THE DATA:
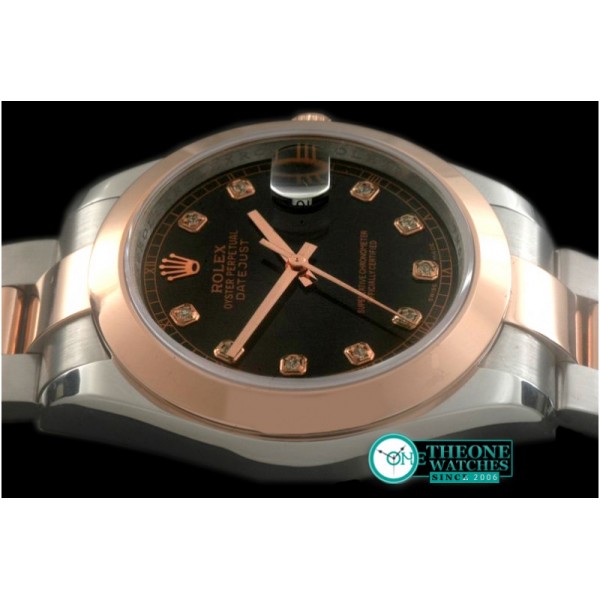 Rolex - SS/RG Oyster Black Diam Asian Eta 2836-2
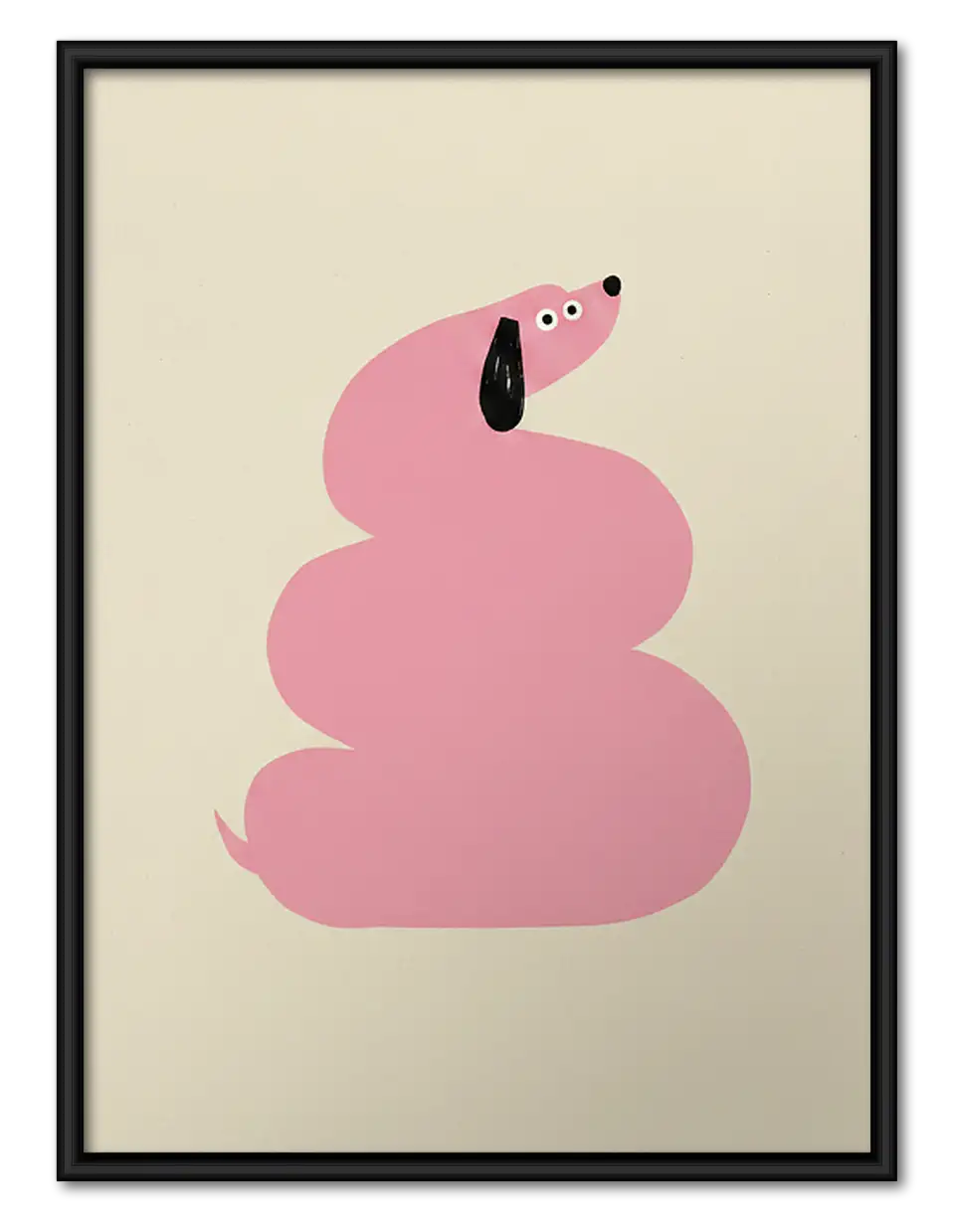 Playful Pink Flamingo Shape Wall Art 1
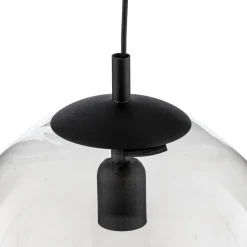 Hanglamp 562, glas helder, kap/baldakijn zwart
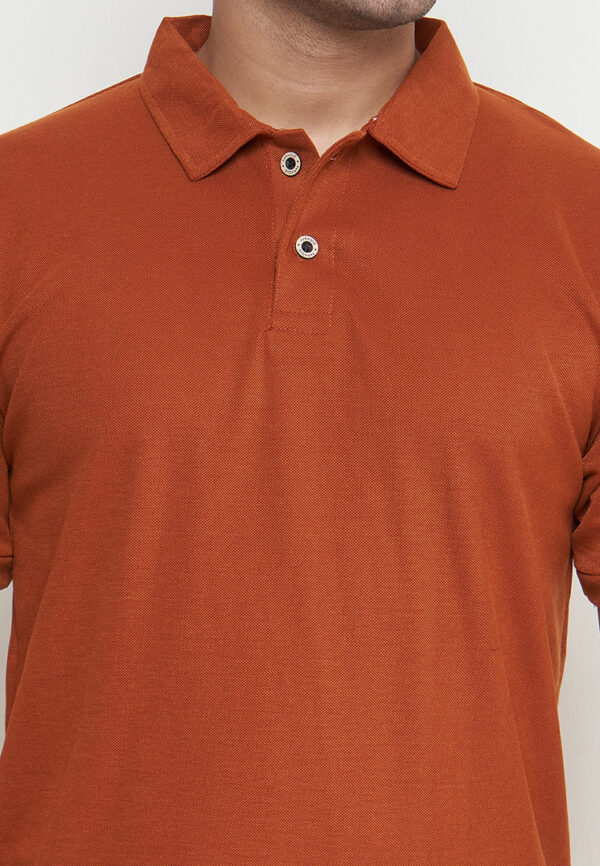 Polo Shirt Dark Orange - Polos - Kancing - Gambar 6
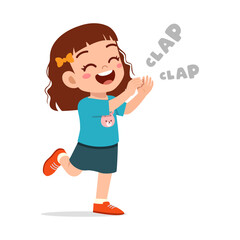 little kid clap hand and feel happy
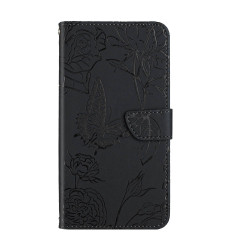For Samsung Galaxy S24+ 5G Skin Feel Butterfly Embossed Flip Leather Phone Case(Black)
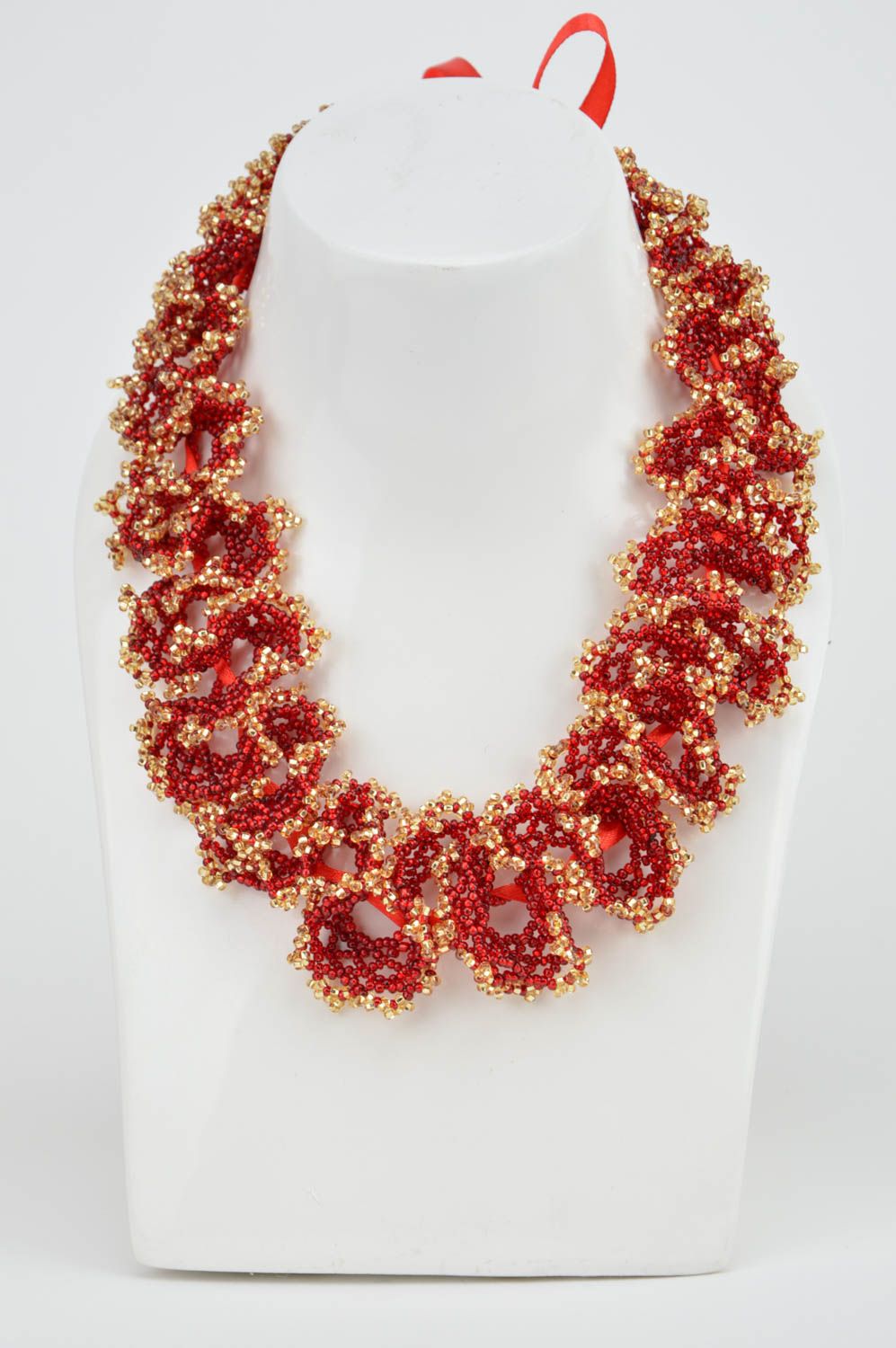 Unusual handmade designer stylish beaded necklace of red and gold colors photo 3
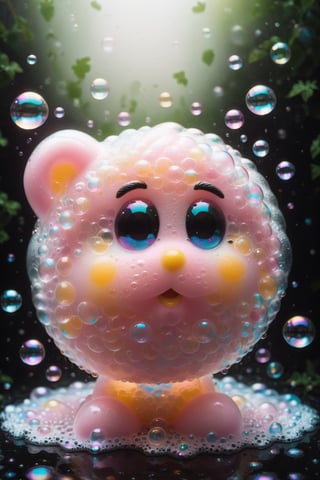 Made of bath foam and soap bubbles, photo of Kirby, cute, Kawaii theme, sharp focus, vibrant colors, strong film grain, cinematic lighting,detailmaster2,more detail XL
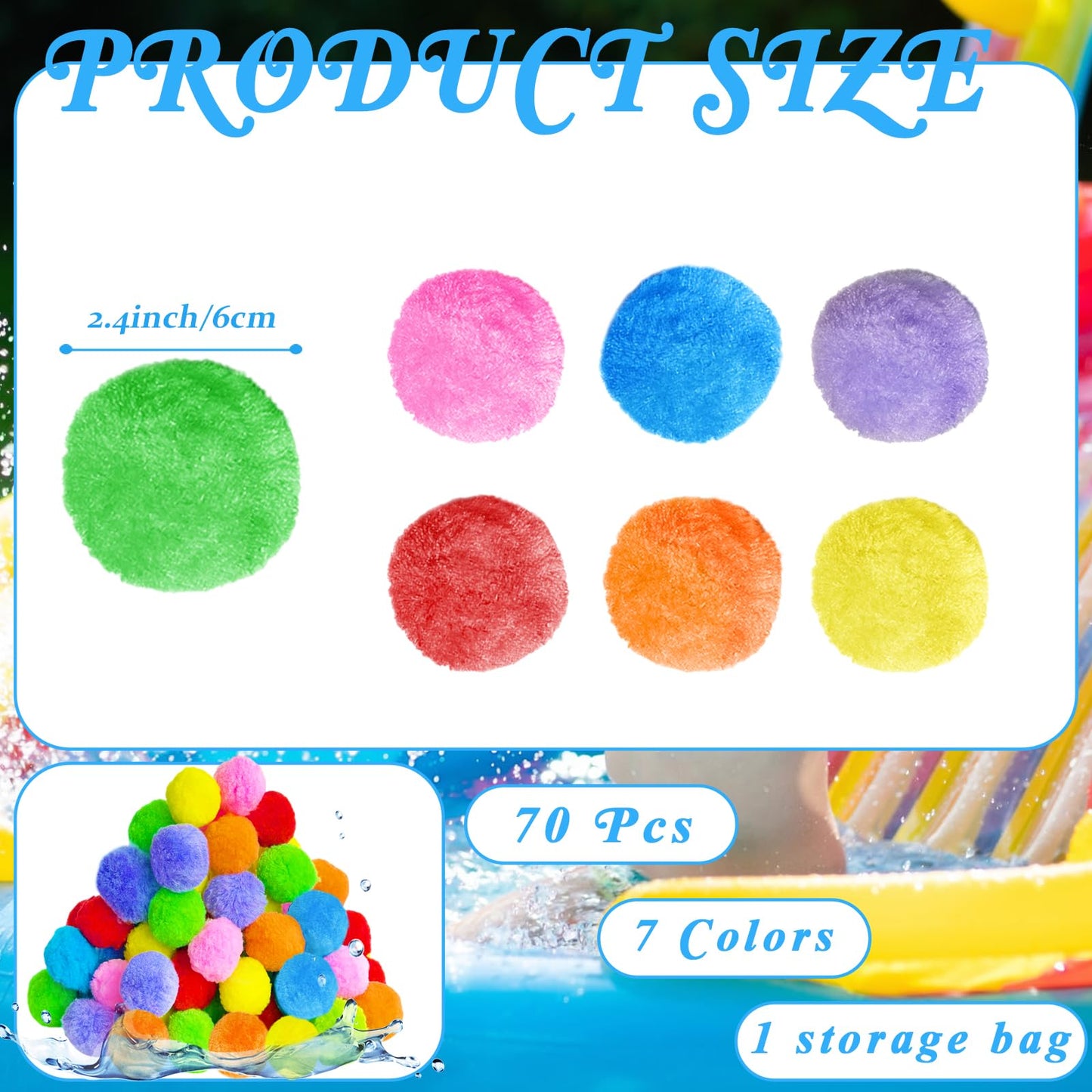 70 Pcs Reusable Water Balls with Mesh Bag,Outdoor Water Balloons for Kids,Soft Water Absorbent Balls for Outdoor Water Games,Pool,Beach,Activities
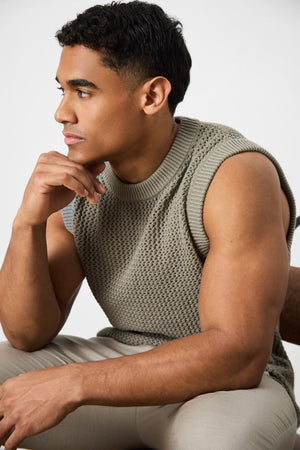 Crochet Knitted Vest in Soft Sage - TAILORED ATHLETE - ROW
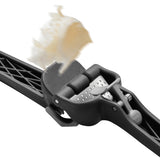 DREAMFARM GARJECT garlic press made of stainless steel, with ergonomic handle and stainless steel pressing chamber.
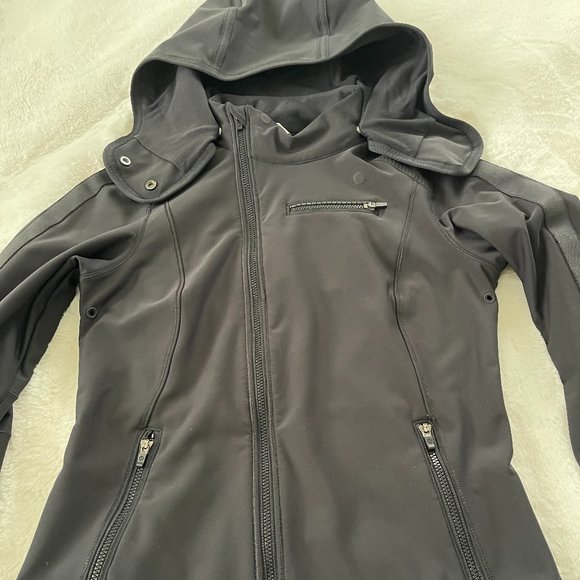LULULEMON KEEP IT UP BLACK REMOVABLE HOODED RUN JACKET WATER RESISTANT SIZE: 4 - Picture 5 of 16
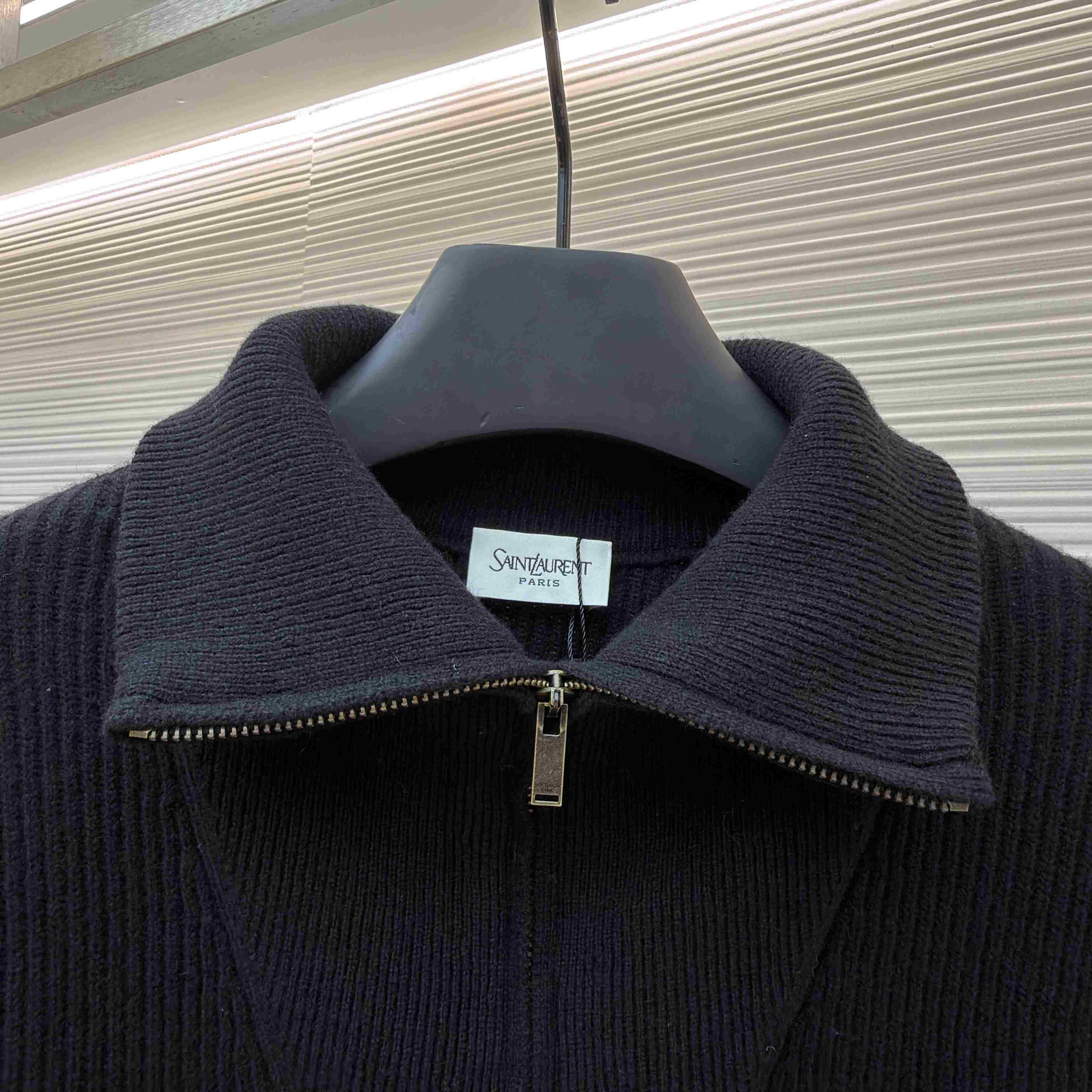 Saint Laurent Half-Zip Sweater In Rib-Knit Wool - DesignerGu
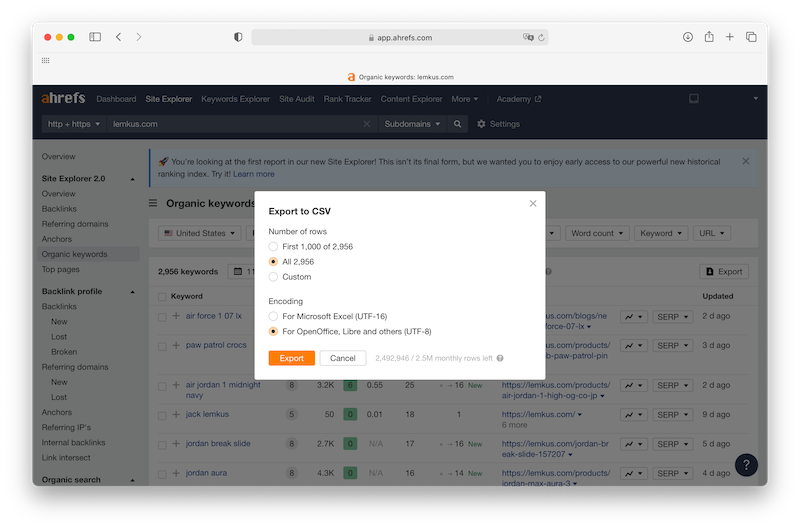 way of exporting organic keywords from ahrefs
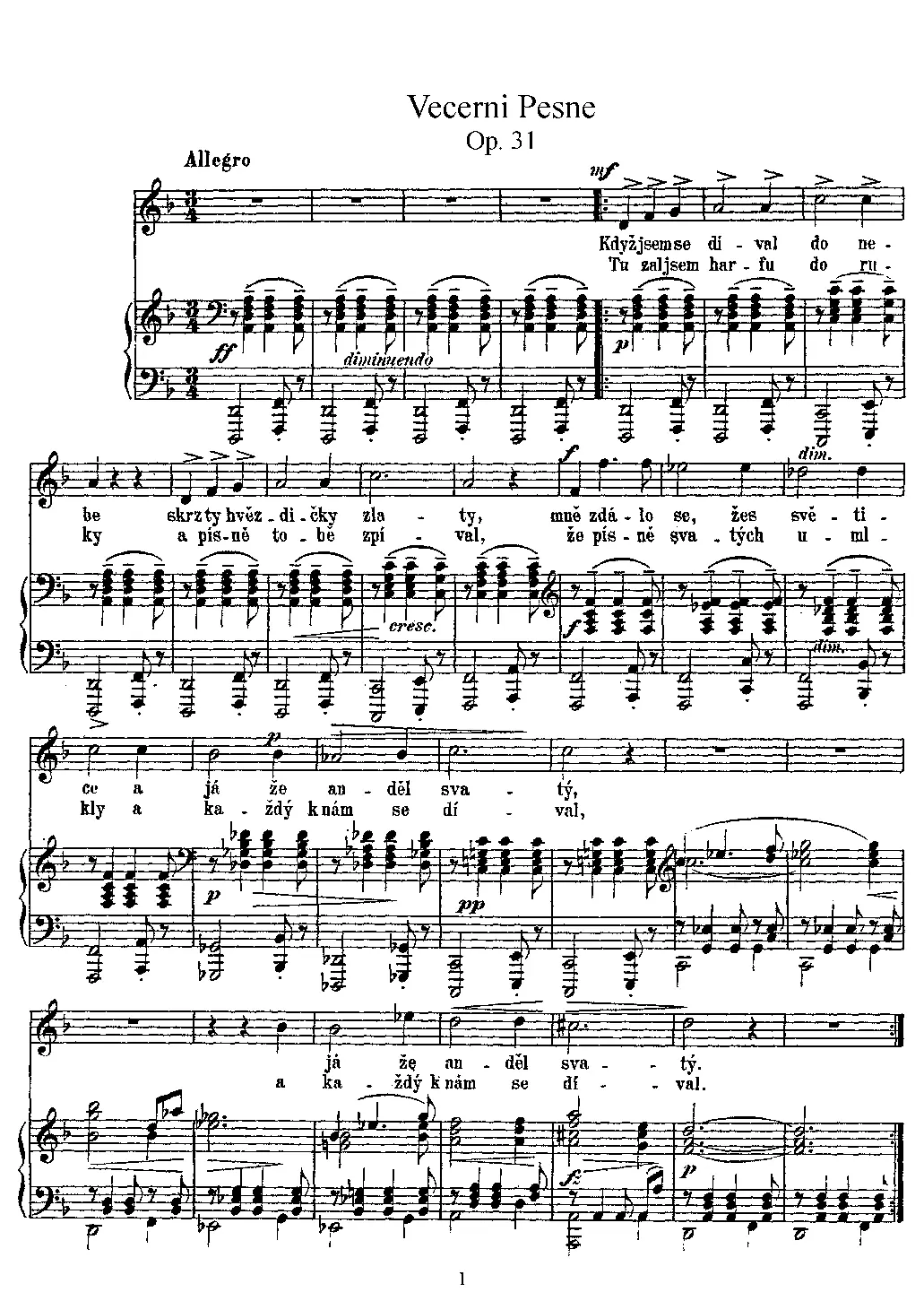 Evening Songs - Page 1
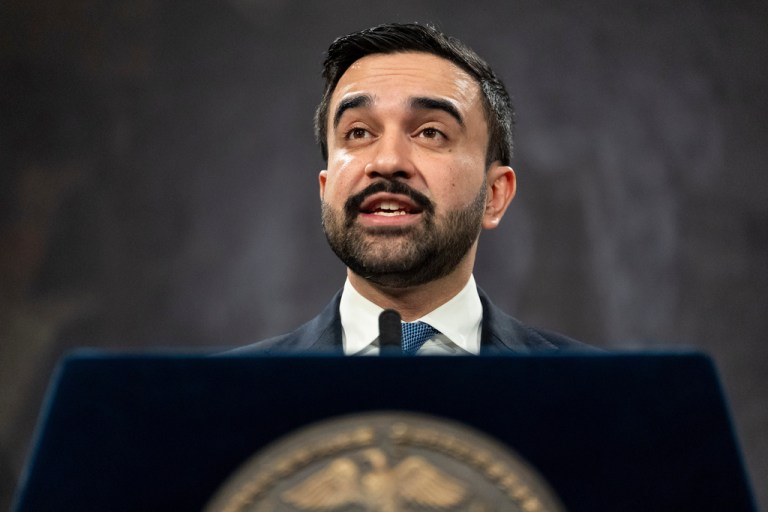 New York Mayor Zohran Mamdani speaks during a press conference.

TASK ITEM: Output, exactly as written, only the lines from the beginning of the listing through the line containing "Crochet Knitted Vest", both included, and no pictures.

COMPLETED TASK:
 Rolex - SS/RG Oyster Black Diam Asian Eta 2836-2
 Playful Pink Flamingo Shape Wall Art 1
 Hanglamp 562, glas helder, kap/baldakijn zwart
 Polo Shirt Dark Orange - Polos - Kancing - Gambar 6
 little kid clap hand and feel happy
For Samsung Galaxy S24+ 5G Skin Feel Butterfly Embossed Flip Leather Phone Case(Black)
 Unusual handmade designer stylish beaded necklace of red and gold colors photo 3
 Made of bath foam and soap bubbles, photo of Kirby, cute, Kawaii theme, sharp focus, vibrant colors, strong film grain, cinematic lighting,detailmaster2,more detail XL
 70 Pcs Reusable Water Balls with Mesh Bag,Outdoor Water Balloons for Kids,Soft Water Absorbent Balls for Outdoor Water Games,Pool,Beach,Activities
 Crochet Knitted Vest in Soft Sage - TAILORED ATHLETE - ROW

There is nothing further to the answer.